[SPARK-23690][ML] Add handleinvalid to VectorAssembler

Yogesh Garg · Robert Kruszewski · commit f9927a5db3cc · 2018-04-04T09:13:37.000+01:00
## What changes were proposed in this pull request? Introduce `handleInvalid` parameter in `VectorAssembler` that can take in `"keep", "skip", "error"` options. "error" throws an error on seeing a row containing a `null`, "skip" filters out all such rows, and "keep" adds relevant number of NaN. "keep" figures out an example to find out what this number of NaN s should be added and throws an error when no such number could be found. ## How was this patch tested? Unit tests are added to check the behavior of `assemble` on specific rows and the transformer is called on `DataFrame`s of different configurations to test different corner cases. Author: Yogesh Garg <yogesh(dot)garg()databricks(dot)com> Author: Bago Amirbekian <bago@databricks.com> Author: Yogesh Garg <1059168+yogeshg@users.noreply.github.com> Closes apache#20829 from yogeshg/rformula_handleinvalid.

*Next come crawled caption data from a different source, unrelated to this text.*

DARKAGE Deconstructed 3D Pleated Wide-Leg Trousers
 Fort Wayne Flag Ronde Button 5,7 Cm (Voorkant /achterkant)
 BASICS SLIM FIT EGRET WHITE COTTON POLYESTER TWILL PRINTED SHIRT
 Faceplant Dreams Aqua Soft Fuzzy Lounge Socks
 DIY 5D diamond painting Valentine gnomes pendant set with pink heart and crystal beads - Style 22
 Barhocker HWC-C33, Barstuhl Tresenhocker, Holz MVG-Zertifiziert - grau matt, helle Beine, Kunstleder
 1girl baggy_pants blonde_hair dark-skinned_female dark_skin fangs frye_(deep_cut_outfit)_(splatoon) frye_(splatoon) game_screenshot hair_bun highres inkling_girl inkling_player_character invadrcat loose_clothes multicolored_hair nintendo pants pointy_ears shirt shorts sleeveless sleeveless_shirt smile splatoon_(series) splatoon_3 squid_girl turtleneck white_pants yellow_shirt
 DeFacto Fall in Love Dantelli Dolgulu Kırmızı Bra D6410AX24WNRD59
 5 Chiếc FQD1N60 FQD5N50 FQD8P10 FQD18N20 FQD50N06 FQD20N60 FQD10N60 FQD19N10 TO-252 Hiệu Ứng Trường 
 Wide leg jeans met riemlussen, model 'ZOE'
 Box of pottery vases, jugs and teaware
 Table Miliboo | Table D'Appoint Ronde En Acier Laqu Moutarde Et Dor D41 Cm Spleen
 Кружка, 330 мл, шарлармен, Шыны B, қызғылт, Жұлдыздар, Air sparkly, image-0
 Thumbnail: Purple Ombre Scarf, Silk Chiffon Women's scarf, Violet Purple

diff --git a/mllib/src/main/scala/org/apache/spark/ml/feature/StringIndexer.scala b/mllib/src/main/scala/org/apache/spark/ml/feature/StringIndexer.scala
@@ -234,7 +234,7 @@ class StringIndexerModel (
     val metadata = NominalAttribute.defaultAttr
       .withName($(outputCol)).withValues(filteredLabels).toMetadata()
     // If we are skipping invalid records, filter them out.
-    val (filteredDataset, keepInvalid) = getHandleInvalid match {
+    val (filteredDataset, keepInvalid) = $(handleInvalid) match {
       case StringIndexer.SKIP_INVALID =>
         val filterer = udf { label: String =>
           labelToIndex.contains(label)
diff --git a/mllib/src/main/scala/org/apache/spark/ml/feature/VectorAssembler.scala b/mllib/src/main/scala/org/apache/spark/ml/feature/VectorAssembler.scala
@@ -17,14 +17,17 @@
 
 package org.apache.spark.ml.feature
 
-import scala.collection.mutable.ArrayBuilder
+import java.util.NoSuchElementException
+
+import scala.collection.mutable
+import scala.language.existentials
 
 import org.apache.spark.SparkException
 import org.apache.spark.annotation.Since
 import org.apache.spark.ml.Transformer
 import org.apache.spark.ml.attribute.{Attribute, AttributeGroup, NumericAttribute, UnresolvedAttribute}
 import org.apache.spark.ml.linalg.{Vector, Vectors, VectorUDT}
-import org.apache.spark.ml.param.ParamMap
+import org.apache.spark.ml.param.{Param, ParamMap, ParamValidators}
 import org.apache.spark.ml.param.shared._
 import org.apache.spark.ml.util._
 import org.apache.spark.sql.{DataFrame, Dataset, Row}
@@ -33,10 +36,14 @@ import org.apache.spark.sql.types._
 
 /**
  * A feature transformer that merges multiple columns into a vector column.
+ *
+ * This requires one pass over the entire dataset. In case we need to infer column lengths from the
+ * data we require an additional call to the 'first' Dataset method, see 'handleInvalid' parameter.
  */
 @Since("1.4.0")
 class VectorAssembler @Since("1.4.0") (@Since("1.4.0") override val uid: String)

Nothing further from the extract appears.